10日にスタッド・ド・フランス(パリ郊外サンドニ市)で行われたW杯予選の第2戦で、フランスがセルビアを2−1で下し、勝てなければ辞任の可能性が高まったドメネク監督が当面、更迭を免れた。

 レキップ紙によると、もしセルビア戦で勝てなかった場合は、フランス・サッカー連盟(FFF)のエスカレット会長が試合後に緊急の幹部会を招集する予定だった。最悪の事態を逃れたドメネク監督は、同紙に「ホッとした」と語ったが、「想像していた通りのことをチームがやってくれた」と付け加え、自らの首がつながった安堵ではないと思わせるよう努めていた。

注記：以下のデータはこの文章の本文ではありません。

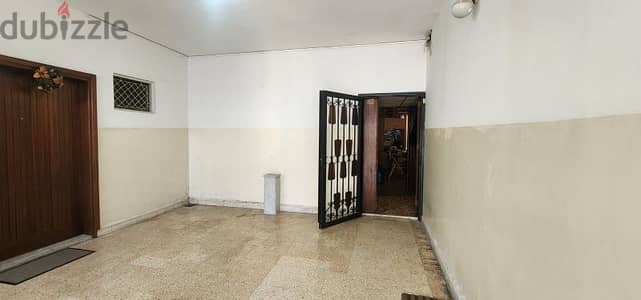 Apartment for sale in Ain El Remmaneh - شقة للبيع في منطقة عين الرمانة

 まだ安心できる状態にないことは本人がいちばんよくわかっている。監督の座を死守したとはいえ、首の皮一枚。ユーロ2008のグループリーグ敗退にもかかわらず続投を許されたドメネク監督には、W杯予選最初の3試合で勝ち点5ポイントをあげることが条件づけられている。初戦が勝ち点0に終わったため、次のルーマニア戦(10月11日)にも連勝しなければならない。

 加えて、メディアやサポーターの“ドメネク・バッシング”が収まりそうにないことも監督の立場を微妙にしている。最上階がガラ空きという異例の事態に見舞われたスタッド・ド・フランスには、試合前のメンバー発表でドメネク監督の名前がアナウンスされるや、大ブーイングが鳴り響いた。フランスが先制点をあげたときですら、監督の顔が大画面に映し出されると“ドメネク辞任!”のコールが響き渡った。

 ドメネク監督は、試合後の会見で外国人記者から「得点したときに、選手があなたと喜びを分かち合わなかったのはなぜ?」と質問を受けると、「(フランス語で質問されたにもかかわらず)セルビア語はわからない。次の質問は?」と苛立ちをあらわにした。観客に浴びせられたブーイングについても、「試合に集中していたので聞こえなかった」とかわしている。

 “ドメネク・バッシング”にはFFFも神経をとがらせている。レキップ紙によると、ゴール直後にドメネク監督の顔がアップで映し出されたことに苛立ったFFFの広報担当が、TF1局の中継スタッフに激しく詰め寄る場面も見られたという。観客のブーイングを招くことがわかっていながら、という言い分だろうが、八つ当たりと言わざるを得ない。